20100930

Duendes

Se encuentra aturdido por el intenso olor, detrás de la frondosa espesura de una planta de tomate, plenamente desarrollada y en sazón. Como siembre, el tercer día de la semana, el miércoles. Oscurecido por la sombra irregular de la planta y con el claroscuro de las luces y rayos del sol, casi horizontales, que semejan líneas de un fuego privado de su furor. No sabría cual es su ropaje; sus diminutos ojos tienen en su negro fondo un extraordinario poder de atracción, de pacífica seducción. Una vez atrapados por ellos, cuando miran fijamente, todo lo que les circunda queda difuso y no hay manera de entrar en los detalles. Solo cabe pensar en cuánta intención y significado tiene su mirada. Que se ilumina cuando las últimas luces de la tarde declinan por el horizonte y de sus pupilas emerge una luz fría y dulce que se confunde fácilmente con los de una luciérnaga. En ese momento pueden pasar por la memoria mil y una miradas que se detuvieron en nuestros ojos; y reconocer a sus propietarios y el mensaje que contenían. Pueden hacer que estallemos de alegría interior, o en un profundo y amortiguado dolor, al reconocer la pérdida de aquellas personas que recordamos, quizá muy cercanas. Inicia a veces una sonrisa apenas esbozada que da un mensaje directo de pacífica concordia. Los músculos inmediatamente se relajan, y el Universo recobra su equilibrio antes perdido por nuestra ansiedad. Todo eso ocurre en un instante, en fracción de tiempo nunca medido que pese a su corta duración nunca se siente insuficiente, y jamás encuentra desgaste por el olvido. Es el avistamiento de un duende.
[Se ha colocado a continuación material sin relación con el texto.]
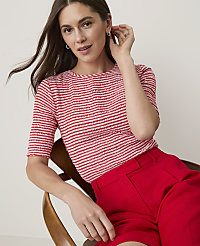 A woman in a red and white striped top and red pants sits on a wooden chair against a plain background. carousel Product Image 3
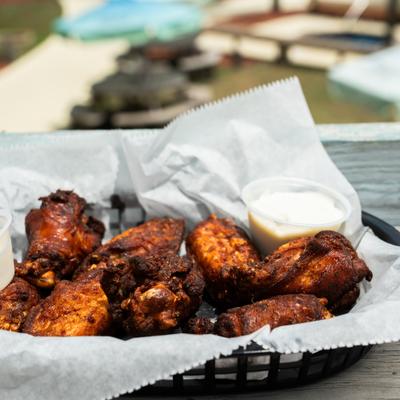 Barbecue wings in a paper-lined basket.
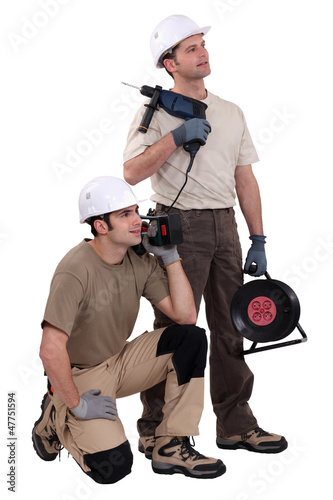 Photo: Tradesmen holding their tools Tradesmen holding their tools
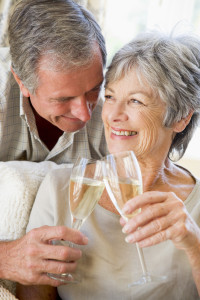 Couple in living room toasting champagne and smiling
Suele encontrarse entre las hortalizas; con la comodidad y seguridad suficiente como para seguir allí, mientras la albahaca desprende sus aromas, y la verdolaga extiende sus carnosas hojas llenas del agua que a hurtadillas retiene en las regueras.

La música del roce de las hojas que hay en la huerta empujadas por la brisa de la tarde, encubre el leve sonido de sus pisadas.
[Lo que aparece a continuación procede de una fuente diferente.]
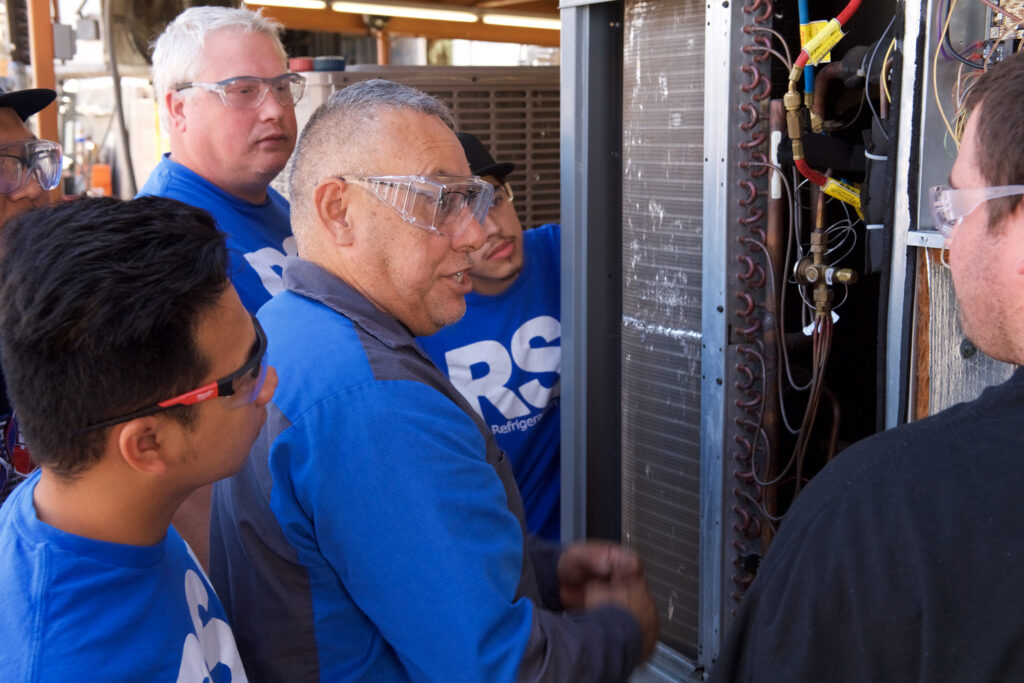 RSI students learning HVAC on site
El otro que he vuelto a ver no ha mucho, se sienta en el tercer estante de la librería, escondido, y sin embargo, está a la vista. Tiene una mirada de inteligencia suprema. Resuelve con la sencillez con que hacen su función las criaturas que la naturaleza creó. Utiliza la oscura y negra sombra de una pequeña cántara de barro, cocido y pintado con los verdes óxidos de cobre, por Tito, en Úbeda. Para ello creo que se viste de ropas muy oscuras; con ellas se funde con las sombras, sentado, tumbado o en cuclillas, pero siempre, escondiéndose y a la vista, y con ese desusado modo de ocultación, que se sirve de la lógica, y la contracción de las pupilas humanas para que no le reconozcan, que no le divisen.
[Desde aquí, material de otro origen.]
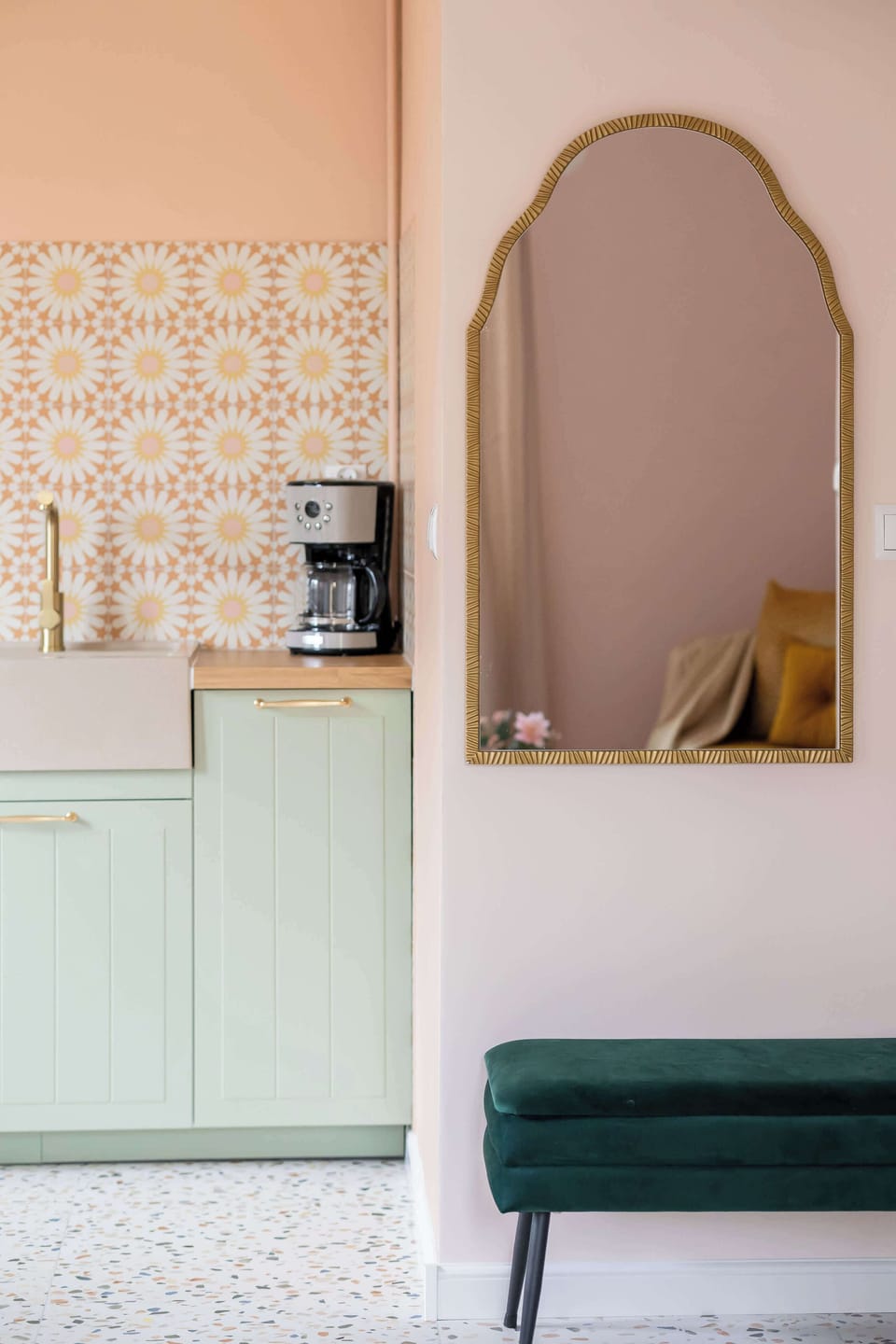 Stylish interiors with elegant accessories. An elegant mirror hangs on the wall.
Por eso, cuando la luz eléctrica, con fuerza, ilumina toda a estancia, los libros, montones de documentos, carpetas y revistas salen a exhibir toda su realidad; con sus volúmenes, vivos colores, y perspectivas hacen encoger las pupilas por el exceso de luz; es por eso por lo que las sombras negras de los objetos de los estantes sirven como el mejor lugar para observar y para esperar que crucemos nuestras miradas: cerámicas, cubos de lápices y pinceles, alguna foto enmarcada, y los pequeños coches que me hacen retener pizcas de mi infancia, ofrecen un lugar seguro para él. Sin esconderse tras alguno de ellos. Simplemente fundiéndose con las sombras. Él me enseñó a esconderme así cuando chico. Cuando jugaba al escondite bastaba la sombra de un árbol grueso para que, tumbándome en ella, no fuera descubierto. El que venía buscando, deslumbrado por la luz era incapaz de verme. Ahora, los dos, me siguen enseñando cosas. Como saber esperar que llegue el momento adecuado para cada cosa.

Si no son duendes es por que les llaman de otra manera. Pero ahí están.